### [TASK REQUIREMENTS]
From the data that follows, set down exactly the lines from the one with "Engaging sports broadcasting" through the one with "a man in a green", counting both. Pictures stay out.

### [DATA]
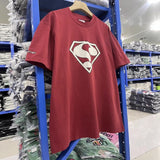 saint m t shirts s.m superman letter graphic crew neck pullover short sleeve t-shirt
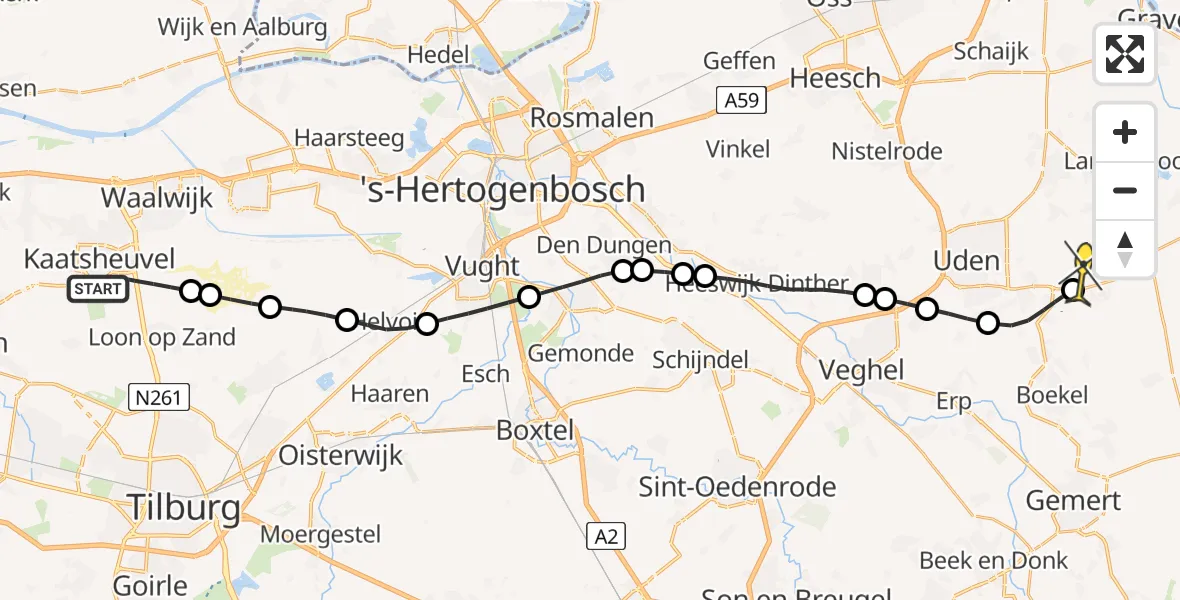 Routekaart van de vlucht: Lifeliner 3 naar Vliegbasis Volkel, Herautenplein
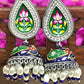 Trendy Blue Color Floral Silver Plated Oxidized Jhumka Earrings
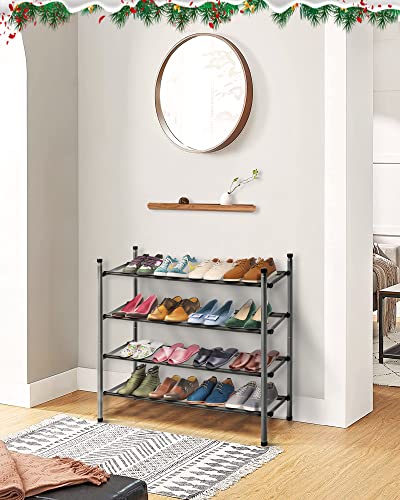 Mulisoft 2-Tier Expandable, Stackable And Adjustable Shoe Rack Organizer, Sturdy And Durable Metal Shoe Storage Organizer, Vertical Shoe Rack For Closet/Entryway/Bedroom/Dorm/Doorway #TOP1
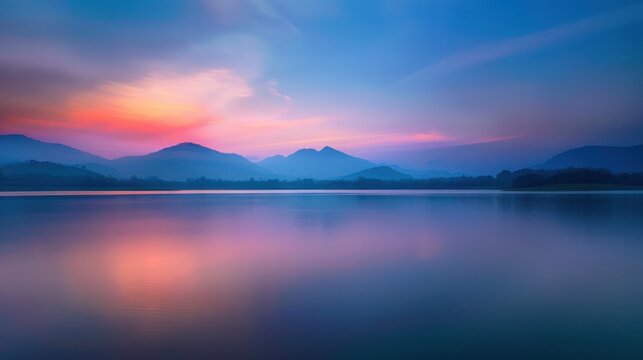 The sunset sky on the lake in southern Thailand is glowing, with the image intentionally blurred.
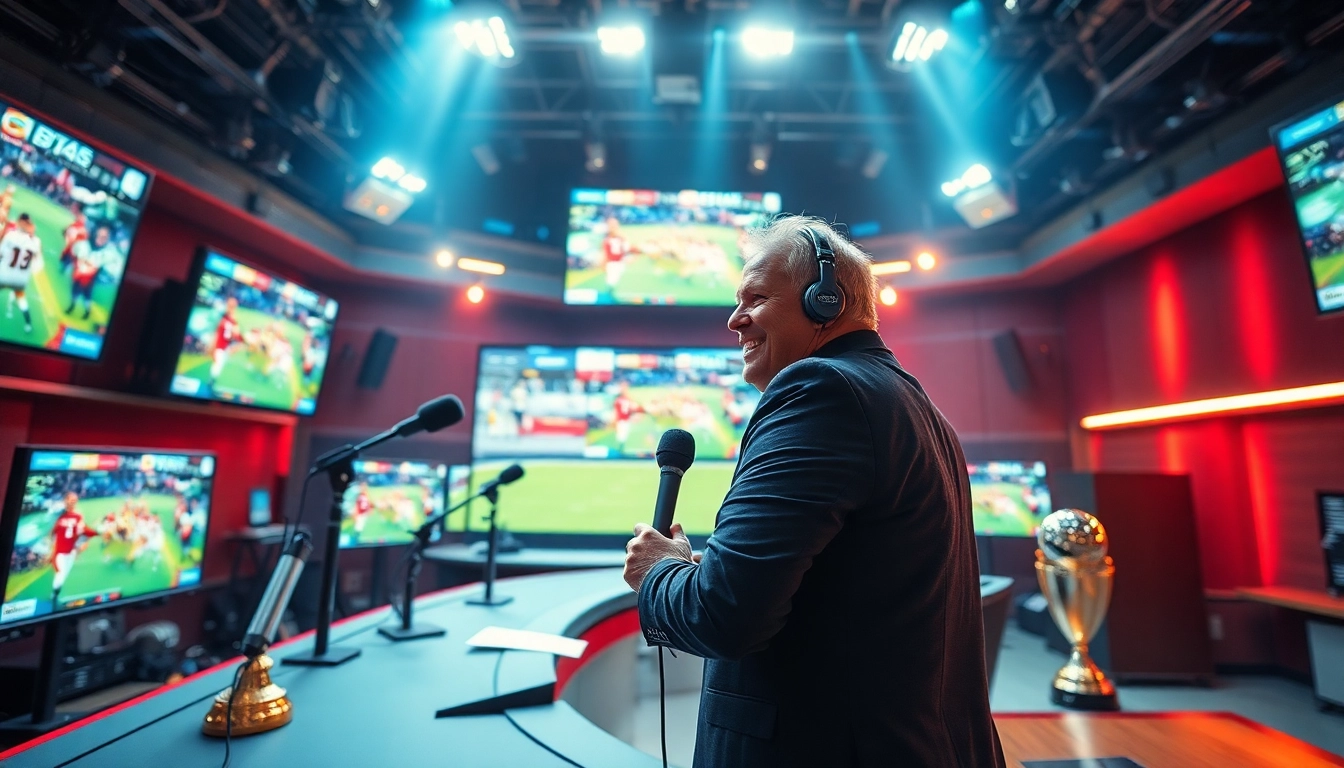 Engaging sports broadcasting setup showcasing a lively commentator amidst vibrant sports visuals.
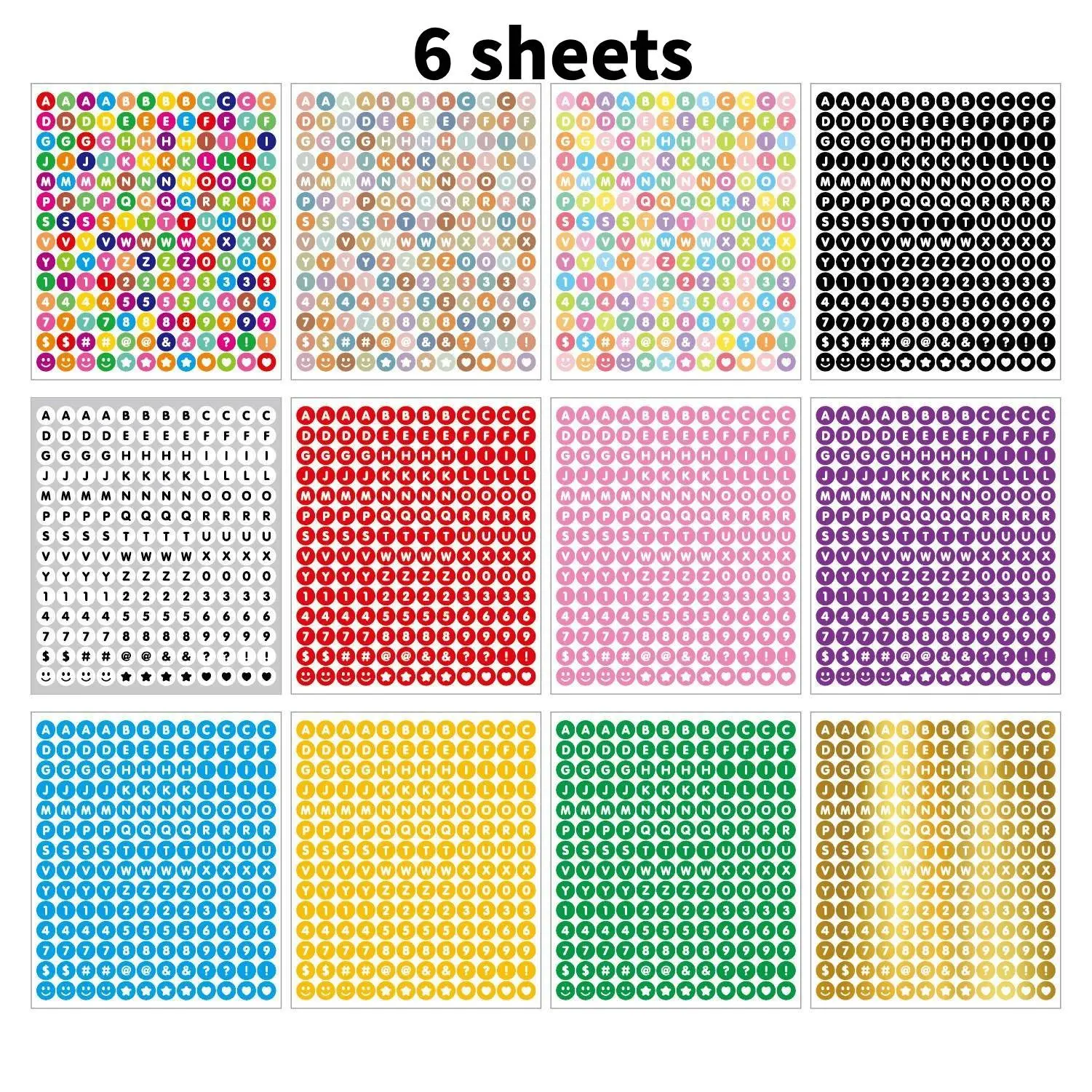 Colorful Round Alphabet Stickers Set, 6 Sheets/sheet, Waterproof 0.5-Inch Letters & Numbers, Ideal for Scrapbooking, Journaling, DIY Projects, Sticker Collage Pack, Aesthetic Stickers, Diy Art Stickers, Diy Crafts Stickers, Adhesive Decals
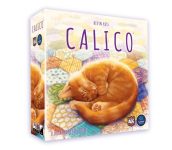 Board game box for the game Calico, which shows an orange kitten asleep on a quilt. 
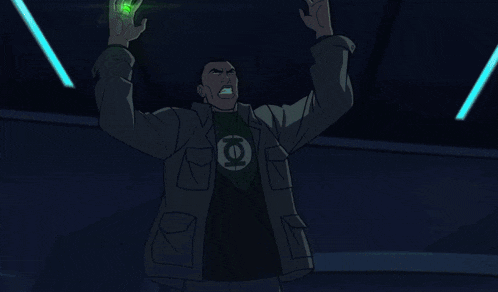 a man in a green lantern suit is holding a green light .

--

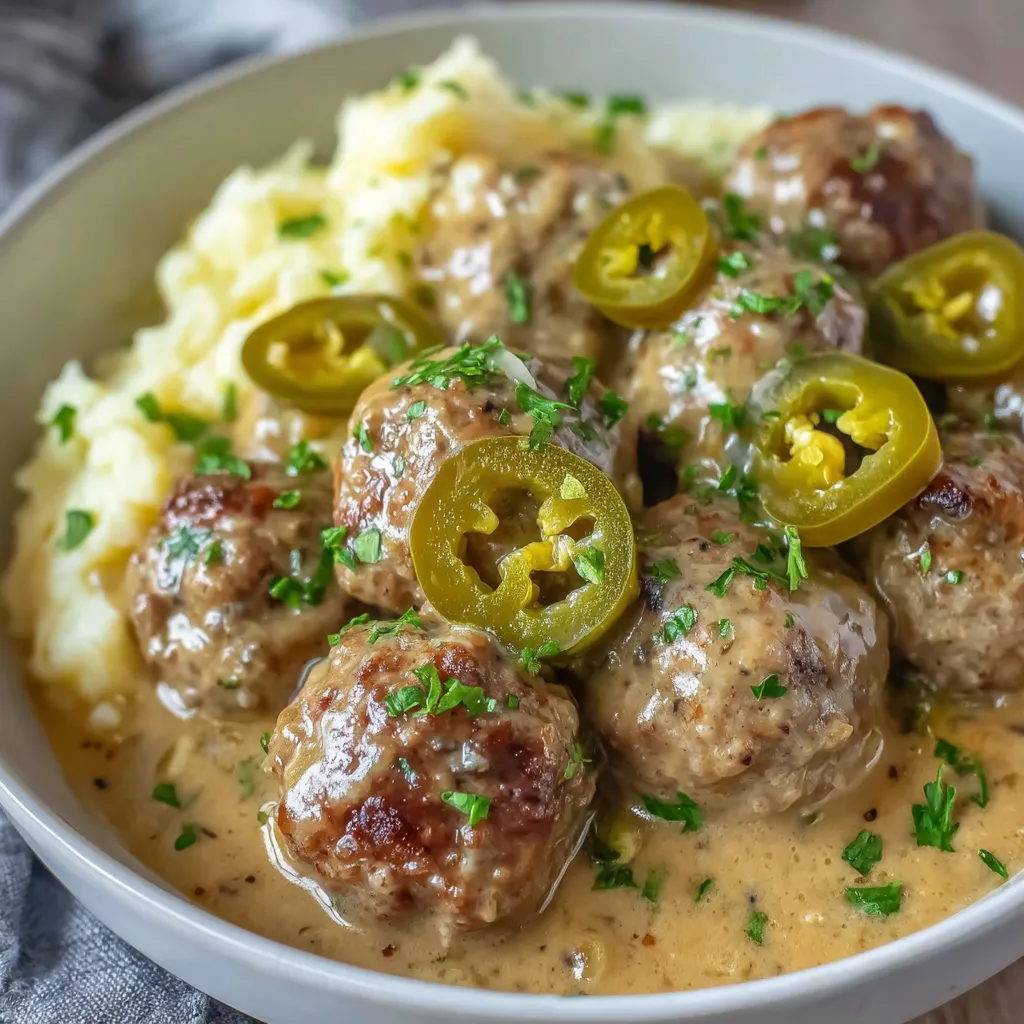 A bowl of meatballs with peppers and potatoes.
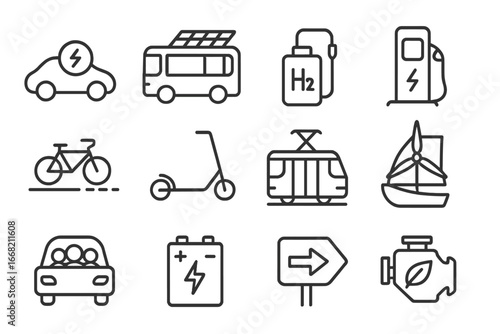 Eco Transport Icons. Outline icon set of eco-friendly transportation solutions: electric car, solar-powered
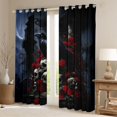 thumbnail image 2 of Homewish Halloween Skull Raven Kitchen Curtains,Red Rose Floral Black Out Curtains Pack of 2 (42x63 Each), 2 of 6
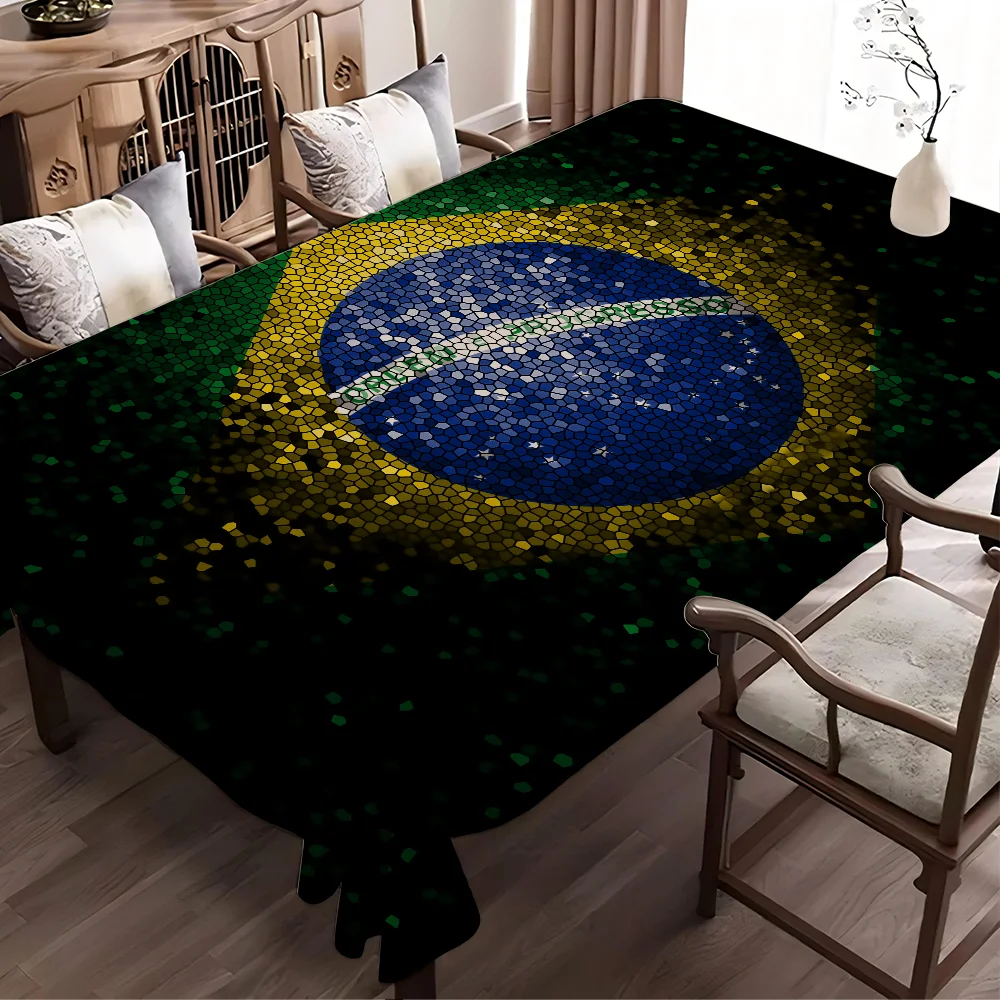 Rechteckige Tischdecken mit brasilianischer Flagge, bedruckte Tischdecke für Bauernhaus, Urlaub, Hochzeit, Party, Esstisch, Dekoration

...

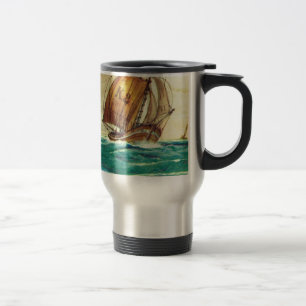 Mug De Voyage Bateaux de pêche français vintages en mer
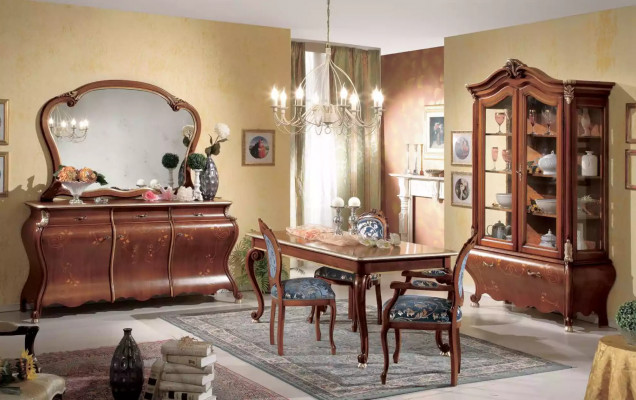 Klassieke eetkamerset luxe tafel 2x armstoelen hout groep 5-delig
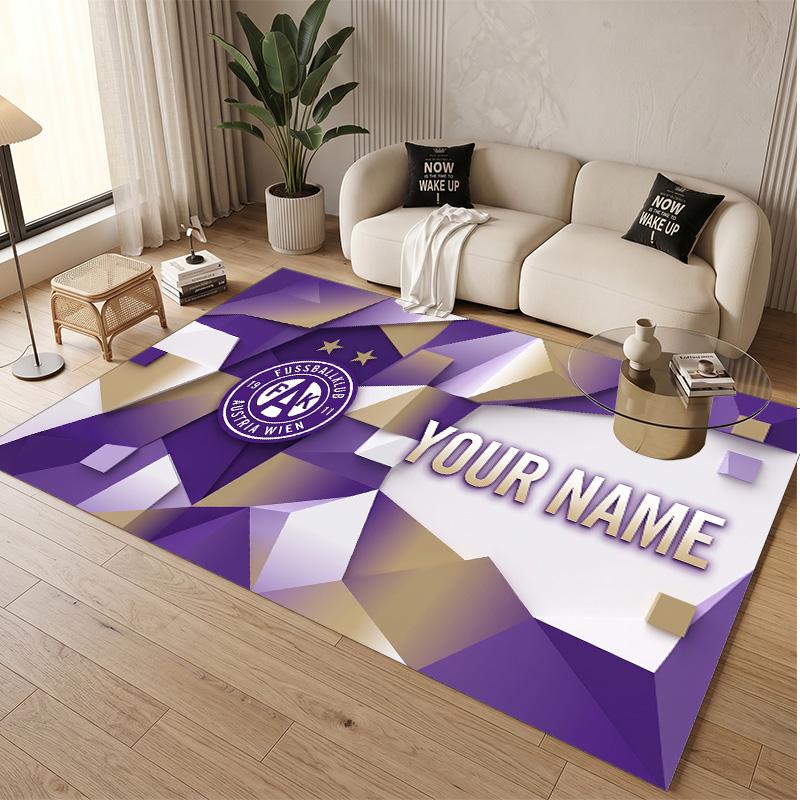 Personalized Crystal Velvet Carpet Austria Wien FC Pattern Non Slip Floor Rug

### [ANSWER TO THE EXERCISE]
 Engaging sports broadcasting setup showcasing a lively commentator amidst vibrant sports visuals.
 Colorful Round Alphabet Stickers Set, 6 Sheets/sheet, Waterproof 0.5-Inch Letters & Numbers, Ideal for Scrapbooking, Journaling, DIY Projects, Sticker Collage Pack, Aesthetic Stickers, Diy Art Stickers, Diy Crafts Stickers, Adhesive Decals
 Board game box for the game Calico, which shows an orange kitten asleep on a quilt. 
 a man in a green lantern suit is holding a green light .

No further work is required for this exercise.